Carbide production requires a lot of energy. It takes 3500 kWh to produce a tonne of technical carbide. The furnaces are filled with a mixture of fired limestone and coke. Due to the presence of the mixture, the current passing through the furnace encounters a certain resistance, which results in the development of such a high temperature that limestone and coal react to one another and form calcium carbide. The carbide melts in the furnace at about 2000º C and is poured into containers as a liquid, white-hot mass. The calcium carbide is then re-processed in the cyanamide building. The carbide is the principal raw material needed to produce acetylene gas.
Furnace III was one in a series of firing buildings, and represented an extension of furnace I (1936) and furnace II (1956).
The furnace was to prove a great challenge for the company.
It was first started in 1978, but it had to be closed down and started up again continuously.

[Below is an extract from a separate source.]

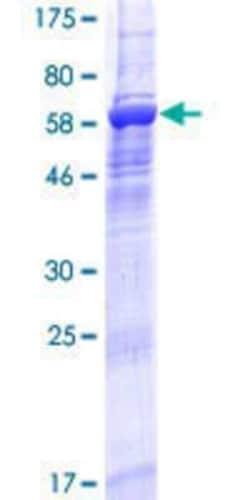 Novus Biologicals Recombinant Human CENPL GST (N-Term) Protein 10 &mu;g | Buy Online | Novus Biologicals&trade; | Fisher Scientific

In many periods furnaces I and II had to provide for the production to assure the customers received carbide and dicy from Odda. Experts were flown in from Japan for reparation and rebuilding. It did not produce carbide on a regular basis until 1982, and until the plant closed in 2003 it was the world’s biggest and best equipped carbide furnace with an installed transformer capacity of 75 MVA and a load of more than 60 MW (equivalent to the power consumption of an average-sized Norwegian city).

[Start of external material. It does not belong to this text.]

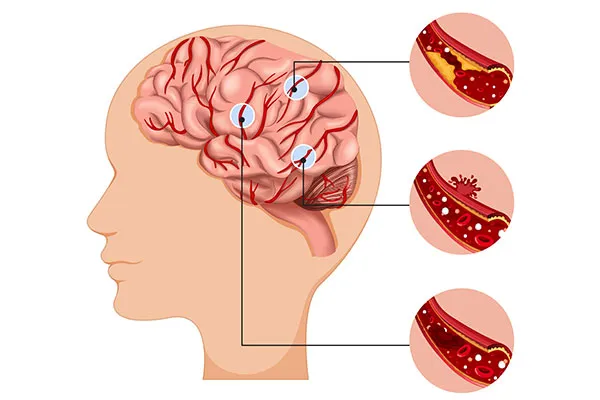 How Does Mechanical Thrombectomy Help in Stroke Treatment?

Furnace III was the result of an Elkem furnace with the addition of firing technologies developed by employees of the Odda plant after the first one-phase furnace had been started in 1906. When it was reconstructed Japanese firing technology was also introduced, and Furnace III was the first furnace outside Japan to be equipped with pouring machines.

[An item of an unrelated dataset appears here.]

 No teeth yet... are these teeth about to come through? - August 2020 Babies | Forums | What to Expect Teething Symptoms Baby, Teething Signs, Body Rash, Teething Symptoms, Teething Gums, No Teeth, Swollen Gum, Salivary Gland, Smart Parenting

Furnace III is included on the heritage list as a technical-industrial cultural heritage. A study of possible uses for the Odda smelting plant commissioned by the Norwegian Directorate for Cultural Heritage suggests that the kiln may become an exhibition centre.
A suggestion for usage by engineer student Aaseth.
The heart of the carbide production consisted of the smelting furnace, a pouring device on tracks for each of the three mouths and a circular track with containers large enough for one firing load. Base, wheels, perforated electrode system and pressure-lowering mechanism to regulate the electrodes in the furnace. Pointing devices, vents to let off gas, pouring machines, containers, Venturi system, control room and truck.